■ Aim of the exercise ■
Start at the top of the records and, please, print each line exactly through the line that contains "Two business people in officeの写真素材", leaving out all pictures.

■ Source data ■
#####

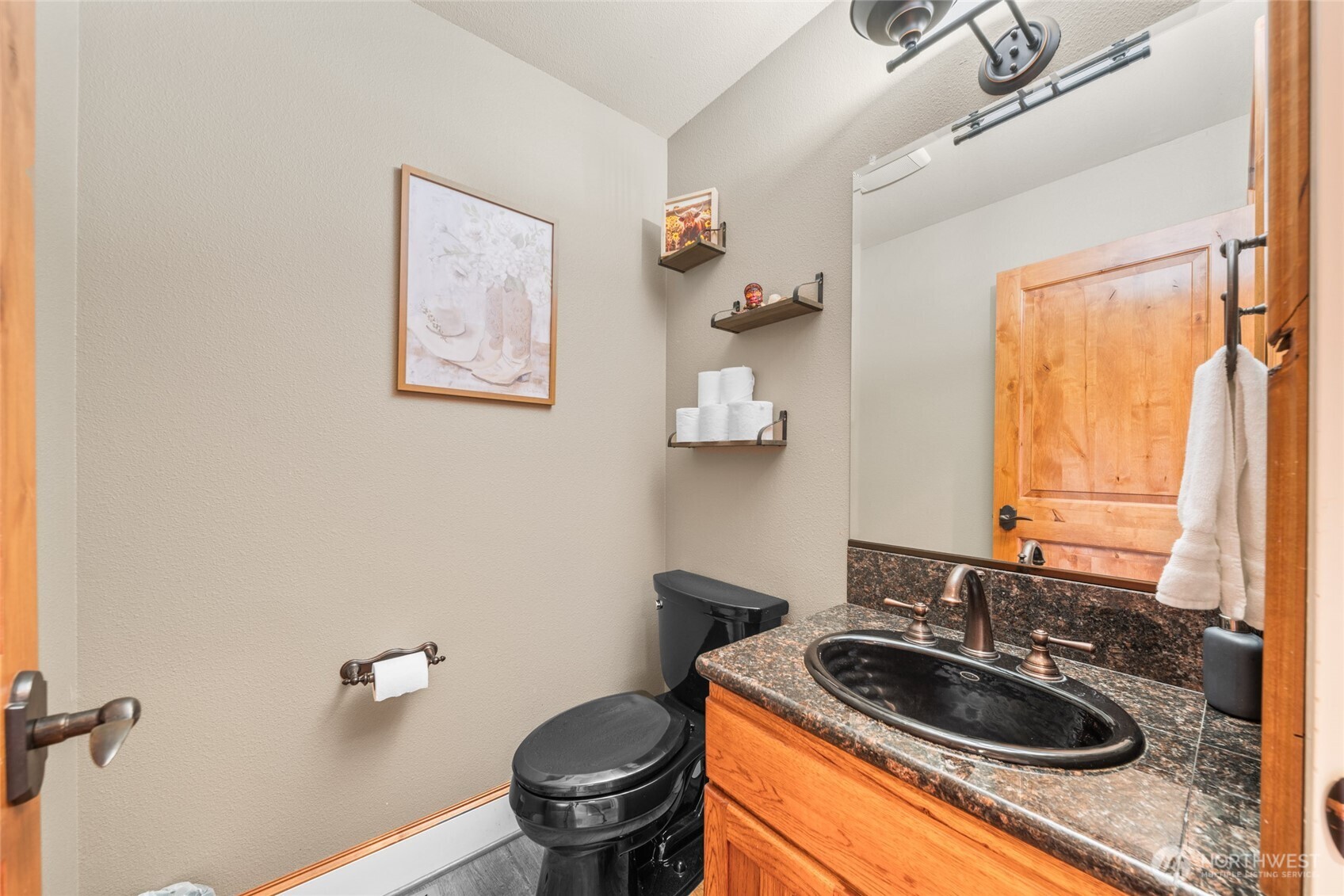 340 Arrowhead Road Ariel, WA 98603 - Photo 15 of 40 a bathroom with a sink a toilet and a window
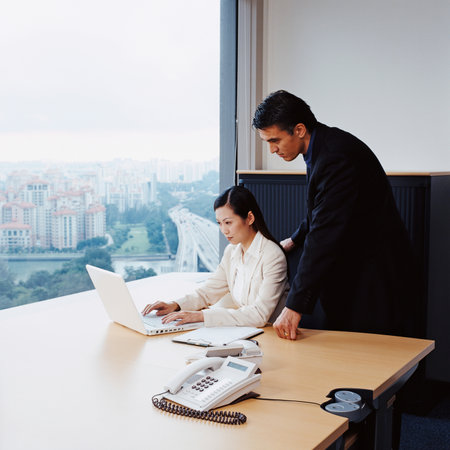 Two business people in officeの写真素材
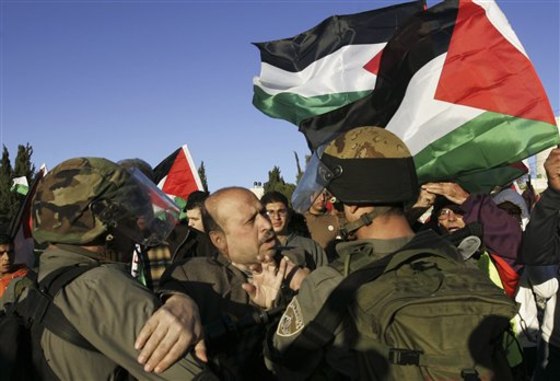 A Palestinian man scuffles with Israeli soldiers during a protest against an Israeli roadblock at the entrance to the West Bank village of Beitin, near Ramallah on Monday.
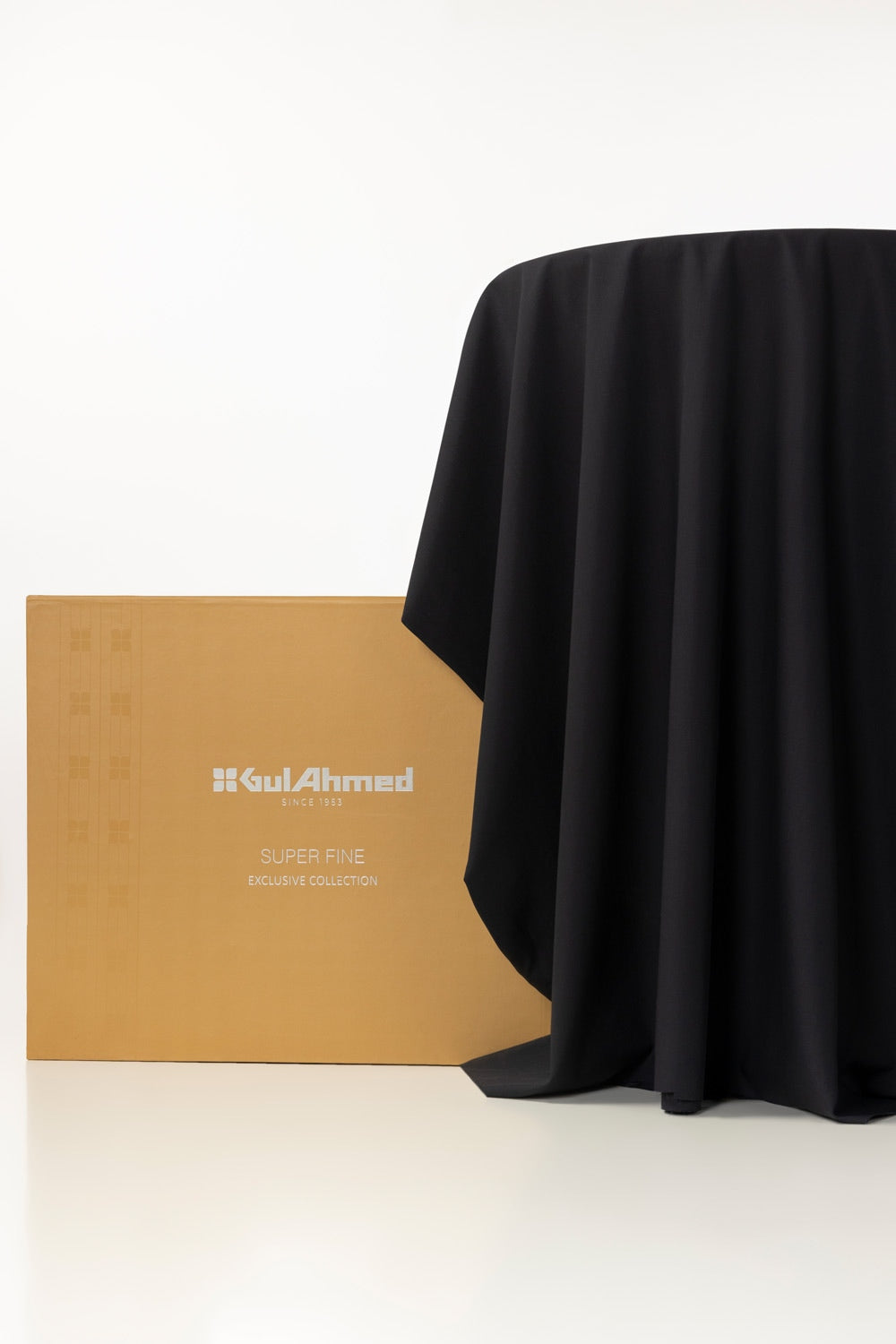 https://cdn.shopify.com/s/files/1/0706/3253/8159/files/gini_gold_unstitched_fabric_blended_with_gift_box-dark_grey_1.jpg?v=1758383513
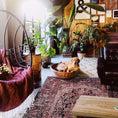 Load image into Gallery viewer, The Ravencourt Rug styled in a cozy boho home with plush textures, layered textiles, and a warm, lived-in atmosphere.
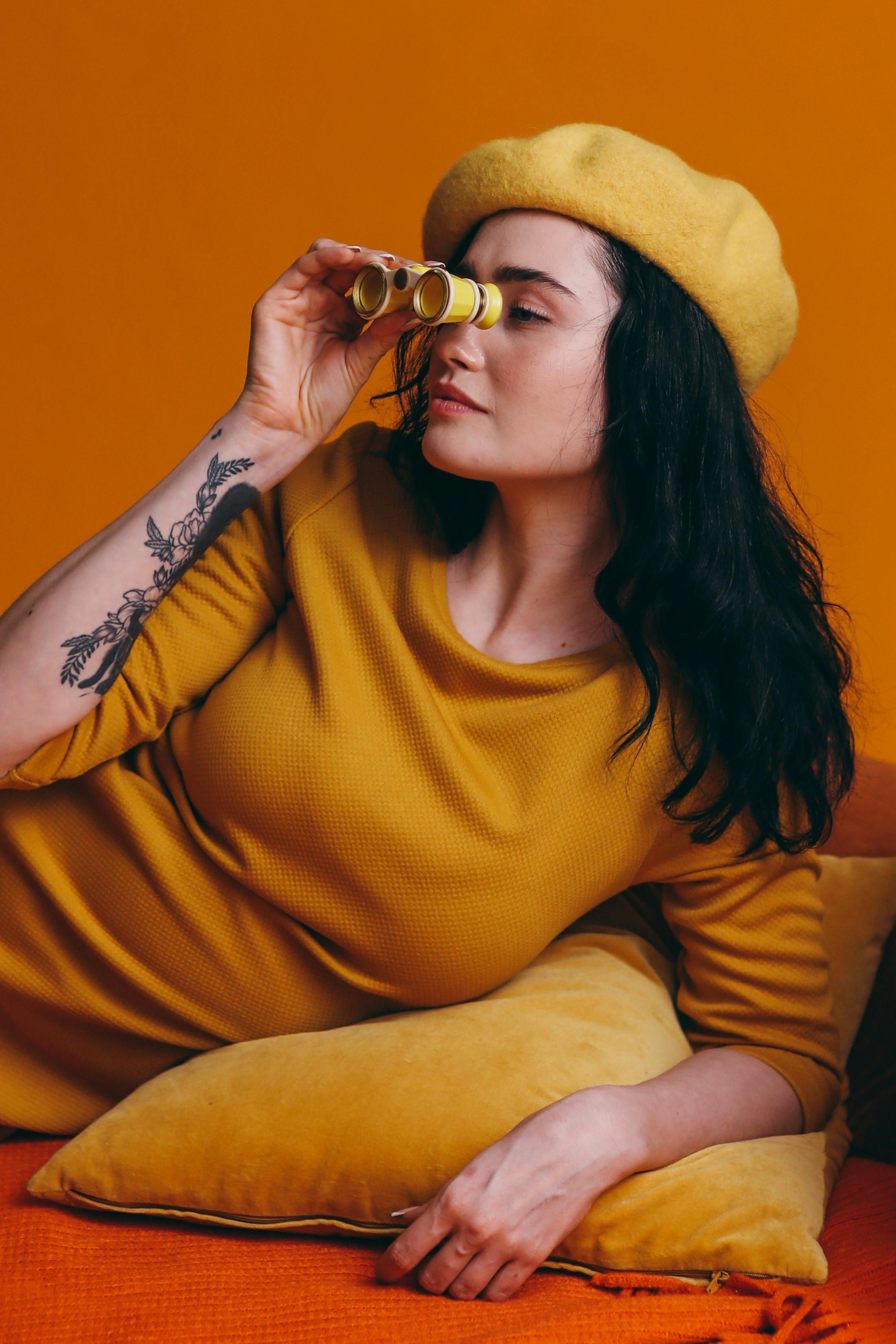 Woman looks through binoculars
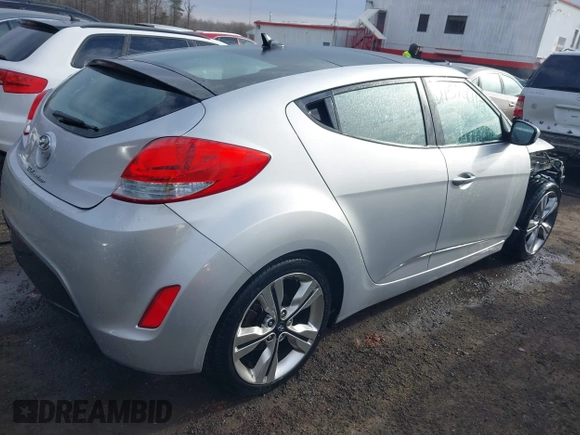 2017 Hyundai Veloster with VIN KMHTC6AD2HU324740, listed as a IAAI auction lot 41574415 with 66,685 mi miles. Bid and sale history available at carsss.com. Image 4.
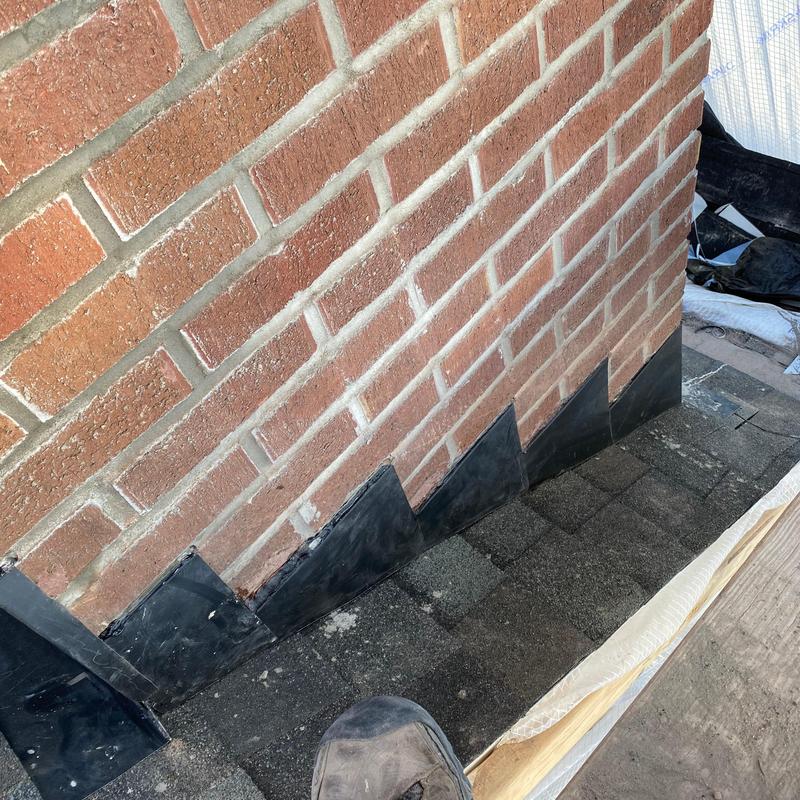 Chimney flashing installation on asphalt roof shingles Chimney flashing installation on asphalt roof shingles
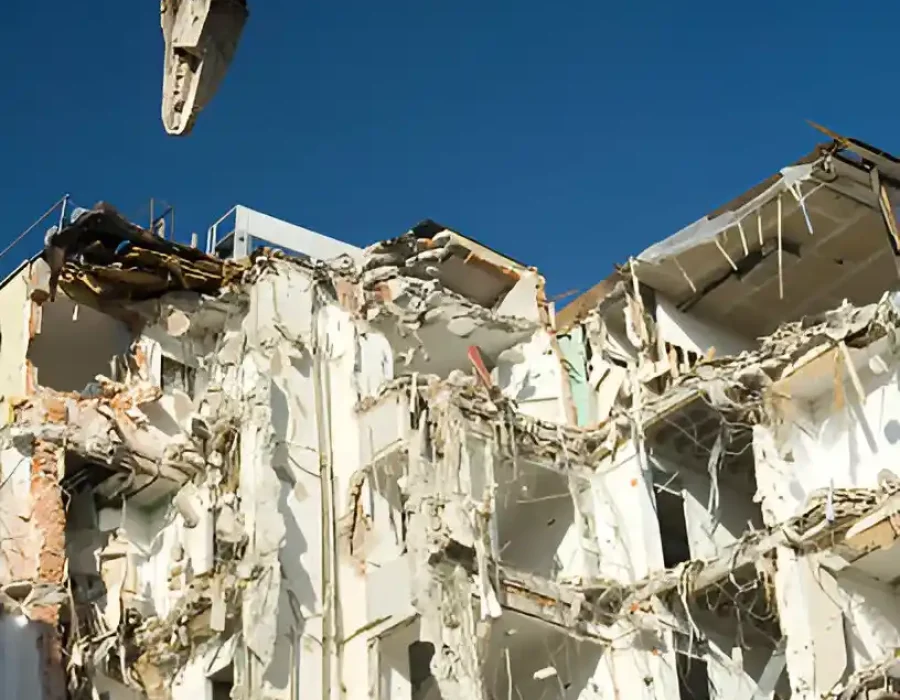 Excavator demolishing white concrete building, exposed floors and structural damage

#####

■ Answer space ■
 340 Arrowhead Road Ariel, WA 98603 - Photo 15 of 40 a bathroom with a sink a toilet and a window
 Two business people in officeの写真素材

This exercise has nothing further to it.